Taxpayers Filing Costs in $Billons : IRS 70,000 Page Code

More good news from our federal government - not only do have to pay more taxes every year but we have to pay to have the IRS take more from us every year.

I wonder when the point of  'no return' will arrive and the taxpayers will collective say we will pay no more. More taxes and more regulations and more fees and more demands on our personal freedom and liberty. The frustration level for government overreach on all levels has never been higher. The pressure to stop this insanity builds by the day.

. What is the consequence but to rebel.  I think we are on that glide path as we speak.

What's the Cost of Filing Taxes? $37 Billion
Source: Joshua D. McCaherty, "The Cost of Tax Compliance," Tax Foundation, September 11, 2014

September 15, 2014

Taxes are expensive enough, but what about the cost of tax compliance?

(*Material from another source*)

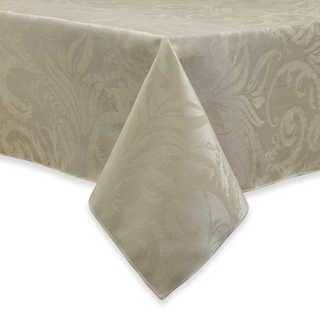 Autumn Scroll Damask 60-Inch x 84-Inch Tablecloth in Ivory 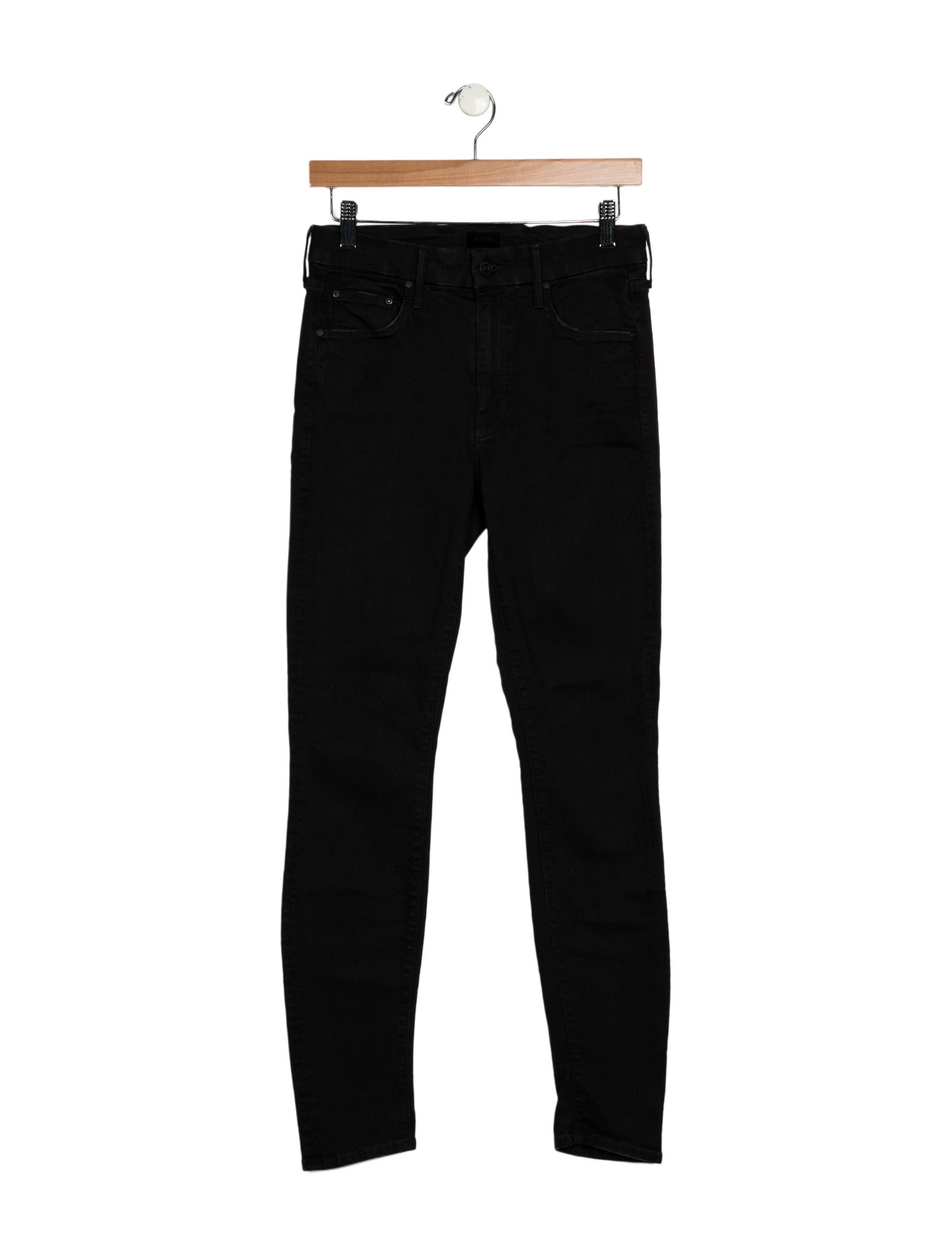 Mother Mid-Rise Skinny Leg Jeans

Joshua McCaherty of the Tax Foundation attempted to measure the cost of filing taxes with the Internal Revenue Service.
With years of new legislation, regulations and changing tax policy, the tax code today is monstrous, weighing in at more than 70,000 pages. All of those pages must be interpreted and understood by tax filers, which takes time and money. According to McCaherty:
  • The average individual (nonbusiness) tax return will take 8 hours to prepare, at a cost of $120.
  • Altogether, as there were 169 million individual tax returns in 2012, American taxpayers spent 1.35 billion hours simply filing their taxes in 2012.
Business tax compliance is even more burdensome:
  • According to the IRS, the average business tax return will take 23 hours to prepare, at a cost of $420.
  • There were more than 10 million business tax returns filed in 2012, meaning that more than $4.4 billion was spent simply to file (not pay for) taxes, taking 240 million hours.
  • And businesses face other taxes in addition to taxes on their income. The cost of labor tax compliance (for which 30 million businesses filed tax forms in 2012) adds an additional 55 hours of work per business and another $12.6 billion in costs.
In total, McCaherty calculates that Americans spent more than 3.24 billion hours preparing their 2012 tax returns -- the equivalent of 369,858 years and $37 billion annually to file federal individual, business and employment taxes.